*** Exercise data Section Begins ***

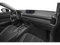 2026 Mazda Mazda CX-50 2.5 S Meridian Edition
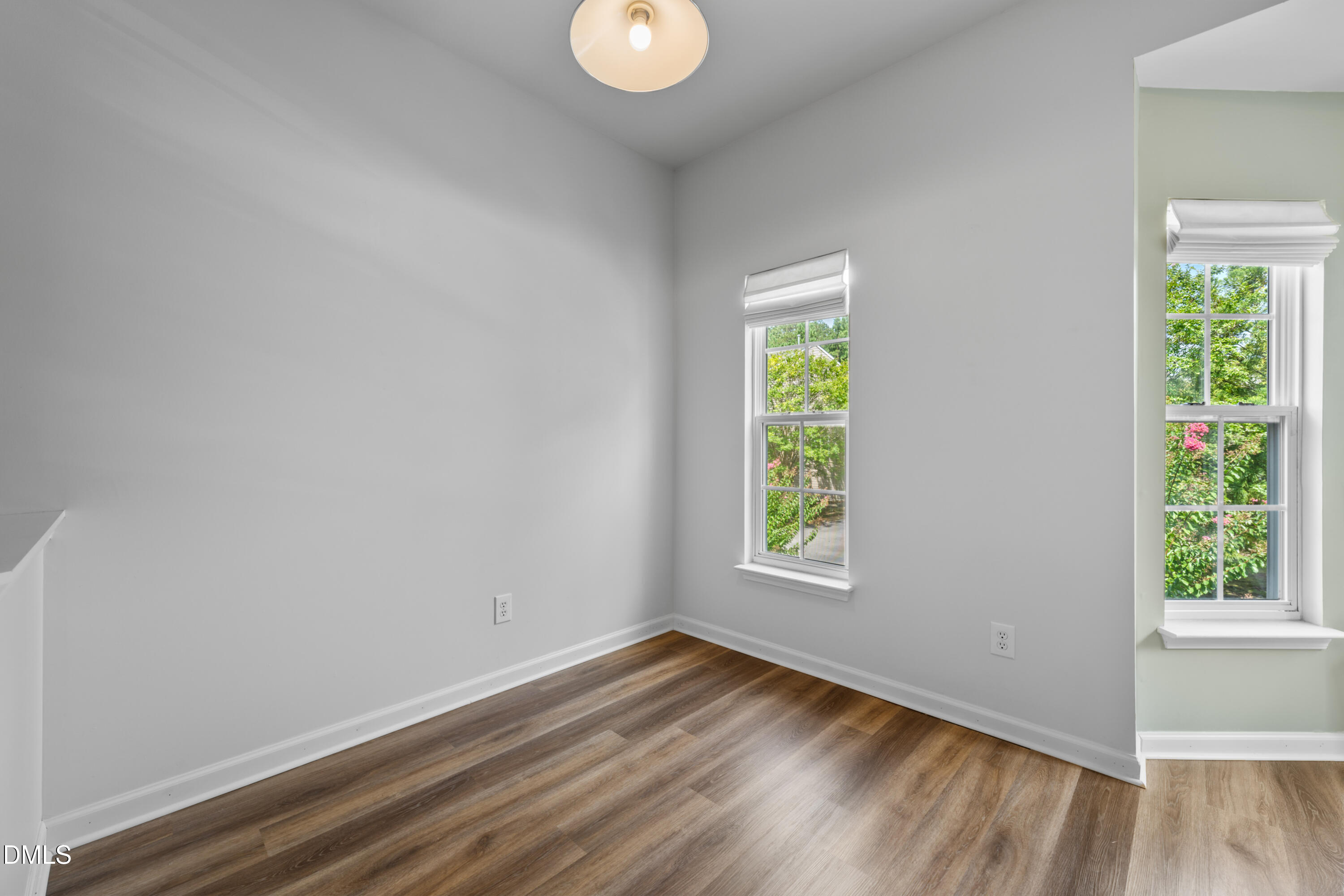 2806 Wyntercrest Lane Property Photo 18
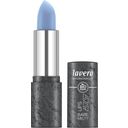 lavera Bare Melty Lips - Arctic Water (vegan)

*** Exercise data Section Ends ***

> _Work order_
Please copy the lines above exactly as written, apart from any pictures.

> _Response area_
 2026 Mazda Mazda CX-50 2.5 S Meridian Edition
 2806 Wyntercrest Lane Property Photo 18
 lavera Bare Melty Lips - Arctic Water (vegan)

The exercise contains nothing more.